30 Rock is moving to Thursdays, opposite GA.
Make that opposite GA, Supernatural, and CSI. Good thing I didn't bother to pick this one up.
The Bible Adventures description almost made tea come out of my nose.
My boss is sitting near me - it was a huge struggle to read that and not laugh outloud....
Yeah, sadly, that's not news. Edit: Hey! I meant the deleted post, not the difficulty in not laughing when confronted with the Noah's Ark videogame description.
via chicagoist, little boy gets stuck by a hypodermic needle on the el:
For every horror story we soaked up as a child, we always find some real-life one that breaks our heart and terrifies us even more. For instance, a kid stuck his finger with a hypodermic needle on the Blue Line this past weekend. We can't think of many things that would be worse than looking over to your toddler and seeing blood coming from his finger, with a hypodermic needle on the ledge beside him.

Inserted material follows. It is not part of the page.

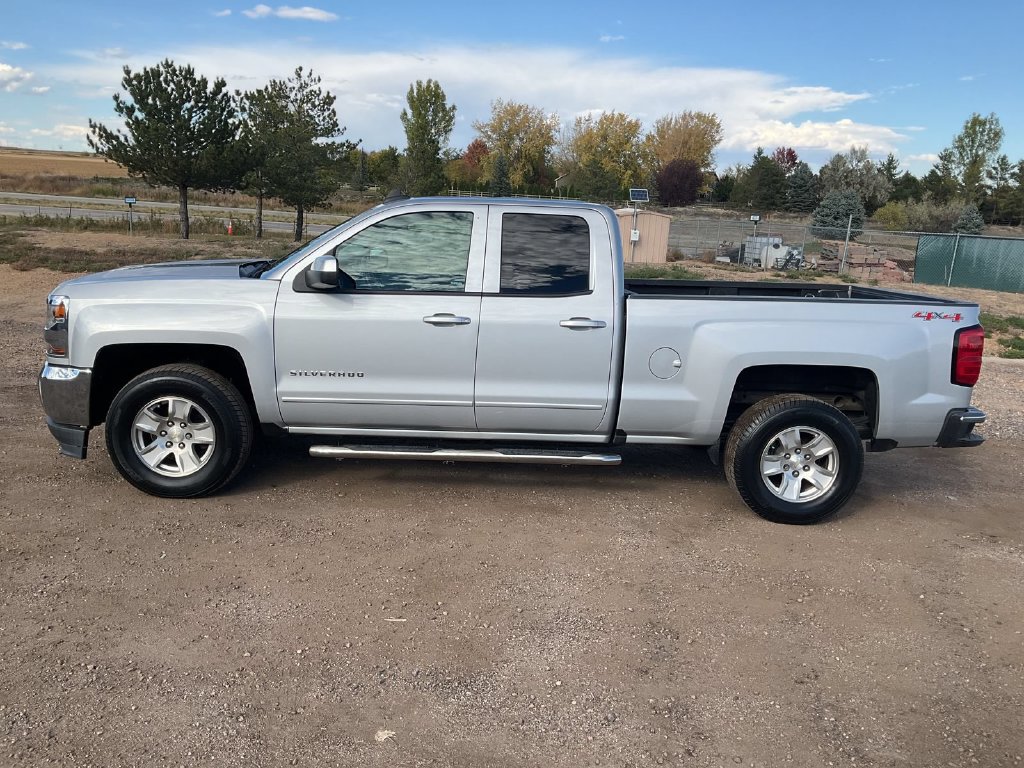 Used 2016 Chevrolet Silverado 1500 LT w/ All Star Edition AWD/4WD image 3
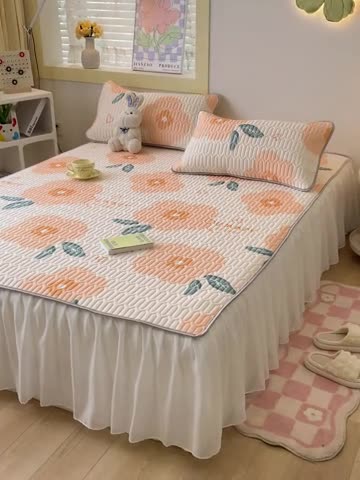 91家纺网 家纺一手货源 找家纺 金爱家 2023新款凉感丝乳胶软凉席床裙款三件套 橘子花朵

We can't think of many things that would be worse than looking over to your toddler and seeing blood coming from his finger...
Oh, like for instance, looking over and finding that he's been decapitated? Or is half-eaten by a bear?
Which is not to say that a hypodermic stab can't be BAD but I think the writer needs to get a grip.
Oh, like for instance, looking over and finding that he's been decapitated? Or is half-eaten by a bear?
Oh, there hasn't been a bear on the Blue Line in at least five years....
Yeah, sadly, that's not news. Edit: Hey! I meant the deleted post,
Heh. Sorry about that- I realized that it wasn't recent news and deleted it. I'm whimsical like that.
From that Nerve article
It's not like I'd never been to D.C. before I moved here. I went to Georgetown for college. People there would actually ask what you got on your SATs. It's the most vulgar thing in the world, and it's typical of people in D.C.: you can't relate to people as human beings; you can only find out if they can do something for you.
Yeah. Only at Georgetown would college students ask each other about their SAT scores. How vulgar! Tish.
Also news to me? Everyone in DC is in politics. I mean, if she was saying all of this stuff was only true of people on Capitol Hill, fine. But she doesn't:
Most people are in a couple in Washington. There are very few singles.And that's when I knew she was stupid, crazy, or both.
White people who move to DC love to talk like their world is the only world. Don't get me started. (Luckily, am currently rereading Nick's Trip.)
Sorry about that- I realized that it wasn't recent news and deleted it. I'm whimsical like that.
No prob. I appreciate the whimsy!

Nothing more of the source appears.